Fin des programmes de diversité au sein du gouvernement fédéral, restriction des aides publiques consacrées aux soins de transition, exclusion des personnes transgenres du sport féminin ou des forces armées… Depuis l’arrivée de Donald Trump à la présidence des Etats-Unis, les attaques contre les droits des personnes trans se multiplient outre-Atlantique. Rien que pour l’année 2025, plus de 100 projets de loi en ce sens auraient été adoptés dans le pays.
Des textes proposés ou soutenus par une galaxie d’organismes conservateurs, qui noueraient d’importants liens avec le secteur des énergies fossiles selon une analyse menée par trois chercheurs indépendants. Dévoilées par les médias américains Atmos et Heated, les données portant sur quarante-cinq organisations militant notamment contre les droits des personnes transgenres démontrent que 80% d’entre elles ont perçu des financements provenant d’entreprises de l’industrie pétrolière et gazière.
Shell et ExxonMobil pointés du doigt
Parmi les sociétés mentionnées par les chercheurs, on retrouve ainsi la compagnie britannique Shell, qui au travers de sa fondation Shell USA Company, a versé entre 2013 et 2022 plus de 58 000 dollars à l’Alliance defending freedom (AFD). Considéré comme l’un des groupes de défense juridique chrétiens les plus organisés des Etats-Unis, l’AFD est connue pour son opposition aux droits des personnes LGBTQIA+. Elle est par exemple à l’origine de propositions de loi obligeant les personnes transgenres à utiliser les toilettes du sexe qui leur a été assigné à la naissance.

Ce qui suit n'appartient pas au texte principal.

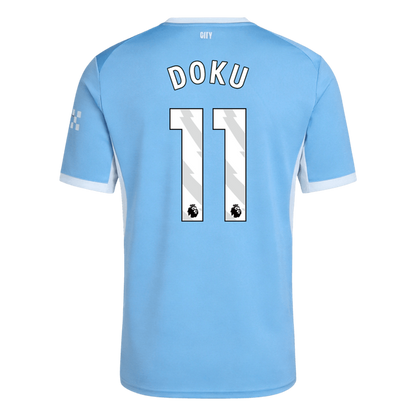 Manchester City Home Jersey 2026/27 - DOKU #11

Mais Shell, qui assure pourtant ne “soutenir aucune organisation”, n’est pas le seul soutien de l’AFD. L’organisation a également pu bénéficier de financements de la part de la fondation Anschutz Family, propriété de l’homme d’affaires Philip Anschutz qui a construit sa fortune dans le pétrole et le divertissement. Entre 2011 et 2013, le milliardaire a fait don de 110 000 dollars au groupe de défense juridique, mais aussi 50 000 dollars à la National Christian Foundation et 30 000 dollars à la Family Research Council, toutes pointées du doigt pour leur rôle dans le lobbying anti-trans. Au total, la fondation Anschutz Family serait associée à une dizaine d’organisations.

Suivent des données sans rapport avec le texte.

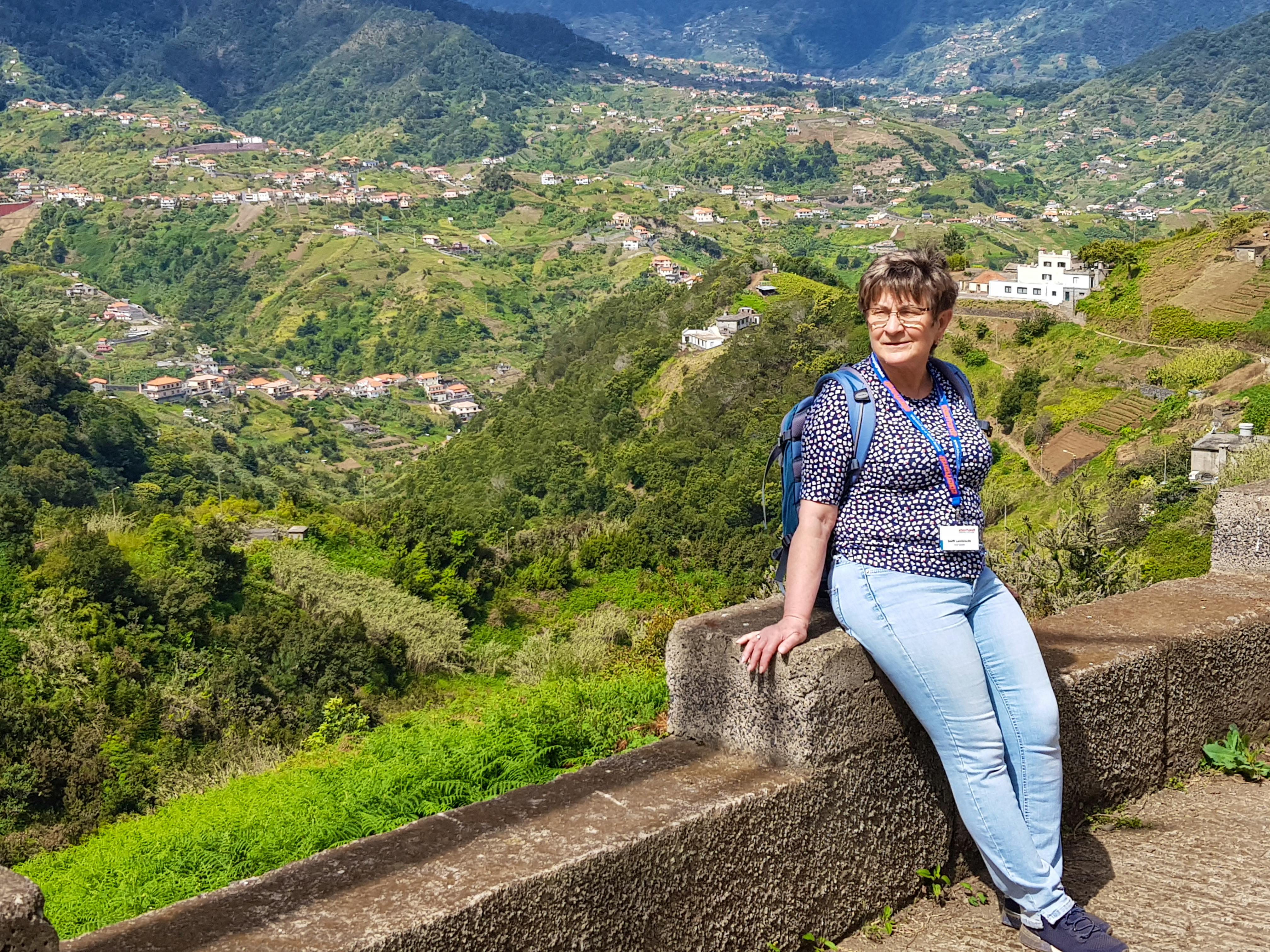 In den Bergen von Madeira 04 - 2023 - Steffi Lambrecht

Et l’analyse ne s’arrête pas là. Le géant des hydrocarbures ExxonMobil, le groupe minier Murray Energy ou encore les frères Koch, à la tête de la multinationale Koch Industries, spécialiste du génie pétrolier, apparaissent également dans la liste des entreprises concernées. Si l’étude ne permet pas de connaître la part des dons issus du secteur pétrolier et gazier sur le financement total de ces groupes, elle souligne les liens entre le lobbying contre les politiques climatiques et les droits des minorités de genre.
“Détourner l’attention”
“L’industrie des combustibles fossiles a un réel intérêt à financer la panique suscitée par les personnes transgenres : elle détourne l’attention du public des risques bien réels et permanents que le changement climatique crée”, estime Vivian Taylor, experte en politique climatique et co-auteure de l’étude, interrogée par Atmos. Cette analyse vient en outre corroborer une enquête publiée mi-2024 par le Guardian et DeSmog, affirmant que la fondation Shell soutient financièrement 21 organisations “s’opposant agressivement aux changements culturels et économiques progressistes”, dont “la lutte contre la crise climatique”.
Une stratégie d’autant plus dangereuse que les personnes transgenres figurent parmi les premières victimes du changement climatique. En freinant l’action climatique et en réduisant les droits des minorités de genre, l’industrie fossile fragilise ainsi fortement ces populations. “Lorsqu’un événement extrême survient, des personnes LGBTQIA+ peuvent se voir refuser l’accès aux lieux de mise à l’abri ou à différentes aides du fait de leur identité de genre”, explique par exemple l’association Notre Affaire à Tous dans Impacts, une publication dédiée aux inégalités climatiques. Ce fut notamment le cas en 2020 lors du tremblement de terre à Haïti ou en 2005, suite à l’ouragan Katrina, où les personnes transgenres ont été victimes de discriminations et de violences.